Die Diakonieschwesternschaft Herrenberg-Korntal ist immer noch Eigentümerin des Gebäudes. Sie hat ihren Sitz in Herrenberg, engagiert sich in der Krankenpflege und betreibt mehrere Einrichtungen zur Altenhilfe und ein Tagungshotel.
+++Leerstand und Verhandlungen 2016+++
Durch den Umzug der psychiatrischen Tagesklinik wurde das Haus Anfang 2016 leer. Es fanden Verhandlungen mit der Diakonieschwesternschaft über Mietverträge statt, an denen der Verein Alter Tübinger Luginsländer (VATL), eine Wohnprojektinitiative des Mietshäuser Syndikats sowie die Stadtverwaltung Tübingen beteiligt waren. Absicht war es, sozial verträglichen Wohnraum, kombiniert mit Wohnraum für geflüchtete Tübinger Neubürger*innen zu schaffen. Bis zum Sommer waren diese Verhandlungen im Sande verlaufen und von der Diakonieschwesternschaft nichts mehr über ihre Vermietungsabsichten zu hören. Das in bewohnbarem Zustand befindliche Haus stand seither ungenutzt leer.

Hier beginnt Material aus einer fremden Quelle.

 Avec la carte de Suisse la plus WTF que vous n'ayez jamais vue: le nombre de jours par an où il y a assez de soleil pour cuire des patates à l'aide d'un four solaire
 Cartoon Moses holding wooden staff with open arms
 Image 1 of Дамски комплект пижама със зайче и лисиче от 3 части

Es ist zu befürchten, dass die Diakonieschwesternschaft derzeit einen gewinnbringenden Verkauf der Wielandshöhe vorbereitet. Vermutlich wird dabei keine Initiative zum Zuge kommen, die günstige Mieten sowie Sozialverträglichkeit zum Ziel hat.
+++Leerstand + Wohnungsnot = Hausbesetzung+++
Über 150 Gebäude, sowie eine unbekannte Anzahl von Wohnungen stehen in Tübingen leer. Die Gründe hierfür sind unterschiedlich - der Skandal ist der gleiche und wird vom Haus „Wielandshöhe“ auf den Punkt gebracht: Leerstand trotz Bewohnbarkeit und Wohnungsnot, drohender teurer Verkauf trotz interessierter sozialer Initiativen.
Aufgrund des Immobilienbooms in angesagten Städten sind auch in Tübingen in den letzten Jahren die Mieten stark gestiegen. Nicht zuletzt sind auch in diesem Wintersemester wieder viele neue Studierende nach Tübingen gekommen, die dringend bezahlbaren Wohnraum suchen. Ebenso betroffen sind Eltern mit Kindern, Arbeitslose, deren Mietzuschüsse immer weniger für den Tübinger Wohnungsmarkt ausreichen, sowie generell Menschen mit niedrigem Einkommen. Tübingen fehlt es an bezahlbarem Wohnraum, immer mehr Menschen können sich das Wohnen in Tübingen nicht mehr leisten.
In den letzten Jahrzehnten haben Hausbesetzungen das Recht auf Wohnen durch selbstorganisierten Einzug in leerstehende Häuser immer wieder aktiv umgesetzt. Sie waren erfolgreich. Zahlreiche ehemalig besetzte Häuser, sowie aus Besetzungsinitiativen entstandene Einrichtungen sind aus Tübingen nicht mehr wegzudenken: Das Jugendzentrum Epplehaus, die Studierendenwohnheime Münzgasse 13 oder Schimpfeck und die Wohnprojekte Schellingstraße 6 und Ludwigstraße 15 sind Beispiele hierfür.